But, the question burns again today, where do we draw the line? Do we protect  a Muhammad Ali from the instincts that drove him to such a unique place in the regard of the world, do we say that what he achieved was meaningless because of the punishment and the consequences he brought upon himself? Do we say also that because animals do not have a right to make such decisions for themselves they have to be protected from the kind of exultant expression of their natures which was so brilliantly exhibited yesterday – and has been so regularly down the years by the likes of Arkle and Kauto Star and, now so extraordinarily, by Sprinter Sacre?

Yes, we can do that if we like to but while we are doing it perhaps we could extend the mission and hunt down every element of risk, every activity that cannot be guaranteed a complete bill of safety.

Some have been outraged by the candour of Ted Walsh, the great Irish horseman whose son Ruby or daughter Katie might well bring in the winner at Aintree today. Some of his comments have certainly been bracing.

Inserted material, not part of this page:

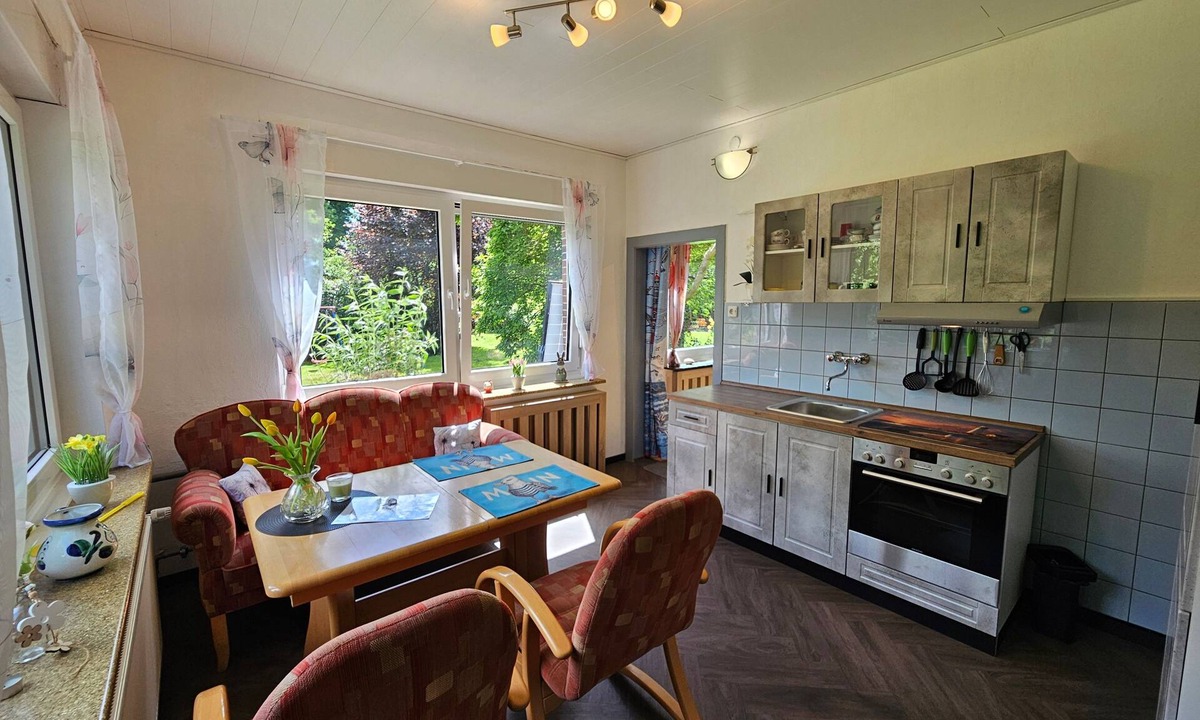 Uplengen Apartment | Ostwind Vacation Rental - Ott Vacation Rentals 35682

He cites the reaction of his wife to the dramas of their children and reports: “Helen will only be happy when they have jumped the last and she knows that they’re all right. What comes after that is a bonus. Being a mother her first instinct is for them to be safe. When Ruby gets a fall all she wants to hear is the commentator say, ‘Ruby is on his feet’ or when Kate takes a fall, ‘Katie Walsh is walking away’. Things that happen to humans are life-changing, things that happen to animals are terrible, but they’re animals. Anybody who says anything other than that is talking bullshit.

“You hear, ‘the dog died, we’ve had him for 10 years, everybody loved him,’ but he’s a dog and not your mother or your father.”

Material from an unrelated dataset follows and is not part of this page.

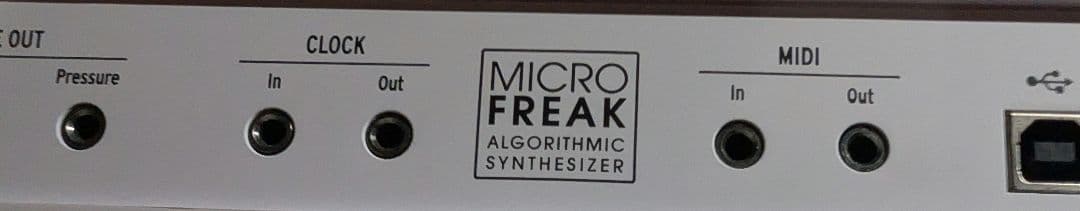【最終値下げ】Arturia MicroFreak シンセサイザー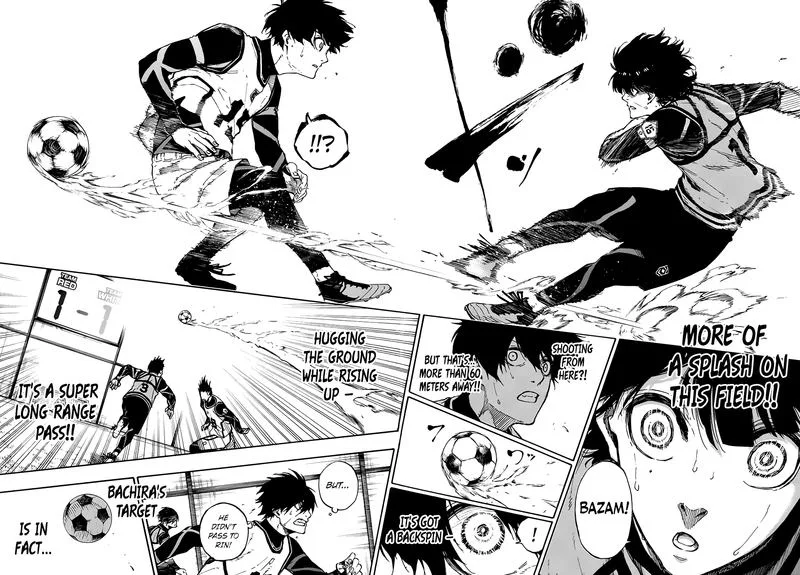Blue Lock Chapter 75: Dance – Page 12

Walsh has never shown much patience for any inclination to merge the value of human and animal life and in the days between Cheltenham, and the catastrophic injuries to jockey JT McNamara, and the annual Aintree controversy he has rarely been more forthright.

His arguments have been guaranteed to outrage the animal rights protesters, and make squeamish those who might be inclined to agree behind closed doors or  at least away from a microphone, and certainly the former group are unlikely to be mollified when he says, “I love the old horses, I have four of them up there in the field, 20 years of age and they will be with me until they’re ready to close their eyes. I will be sad the day they are put down, but they’re still horses.”

In this interview with The Sunday Times, Walsh made smithereens of the delicate position most trainers and jockeys feel obliged to take up, but how many can say that he is trying to impose his own reality?

What he is doing is fighting for a world which he plainly believes is under serious threat, one where it is wrong to draw a difference between the natures and the capacities of a horse and a man.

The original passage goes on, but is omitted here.